- Parliament of the United Kingdom
- Long title: An Act for making a Railway from Charing Cross to the Waterloo Station of the London and South-western Railway to be called the Charing Cross and Waterloo Electric Railway and for other purposes.
- Citation: 45 & 46 Vict. c. cclv
- Territorial extent: United Kingdom

Dates
- Royal assent: 18 August 1882
- Commencement: 18 August 1882

Other legislation
- Repealed by: Charing Cross and Waterloo Electric Railway (Abandonment) Act 1885

Status: Repealed

Text of statute as originally enacted

= Charing Cross and Waterloo Electric Railway =

British railway company

The Charing Cross and Waterloo Electric Railway (CC&WER) was a railway company established in 1881 to construct an underground railway in London. The CC&WER proposed a line between a station under Trafalgar Square and the London and South Western Railway's terminus at Waterloo. The plan was similar in concept to that proposed by the Waterloo and Whitehall Railway in 1864 which could not raise funds due to a banking crisis. To form the tunnels under the River Thames, iron pipes would be sunk into a trench dredged in the river bed.

The CC&WER was the first to propose electric traction for its trains and was supported by Sir William Siemens. (Note: Siemens was born in Germany and came to Britain in 1843 before become a British citizen in 1859.) His brother, Werner von Siemens, had demonstrated the first electric railway in Berlin in 1879 and their electrical engineering company Siemens Brothers was to provide the electrical equipment and operate the line for the first five years.

Permission to construct the line was granted by Parliament on 18 August 1882 in the Charing Cross and Waterloo Electric Railway Act 1882 (45 & 46 Vict. c. cclv) and a proposal was submitted in December 1882 to continue the line from Waterloo to Blackfriars and the Royal Exchange in the City of London.

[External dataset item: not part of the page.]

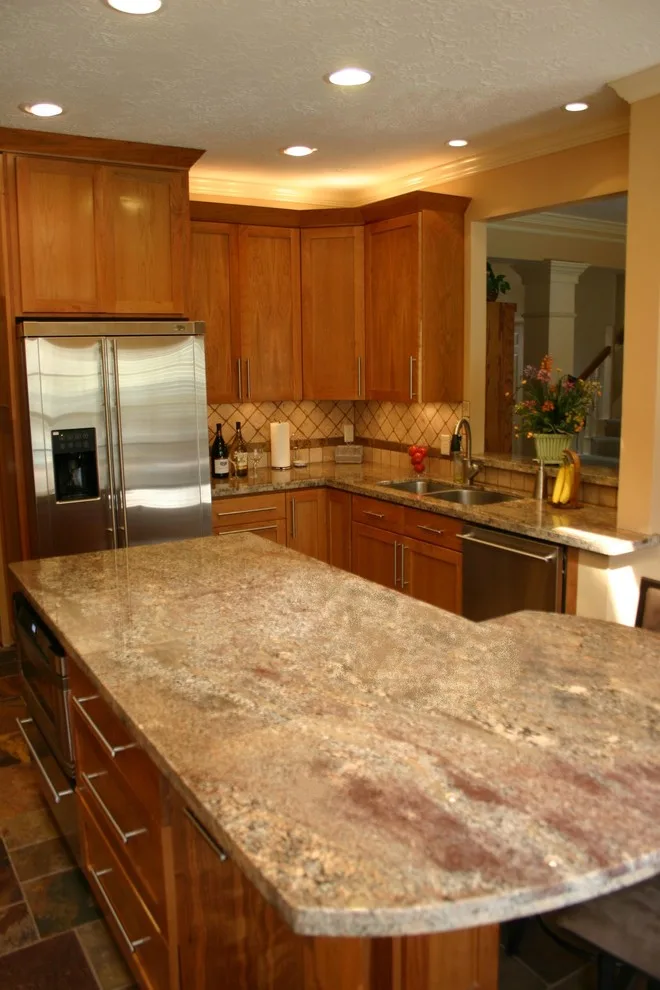 Home Kitchen and Bathroom Renovation by Heritage Construction Co. - Photo 4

The extension was opposed by the Metropolitan Board of Works, but difficulties in raising funds to construct the line due to the novelty of its method of traction, led to the extension bill being withdrawn in May 1883.

William Siemens died in November 1883, and the company was abandoned in July 1885 by the Charing Cross and Waterloo Electric Railway (Abandonment) Act 1885 (48 & 49 Vict. c. lxxi).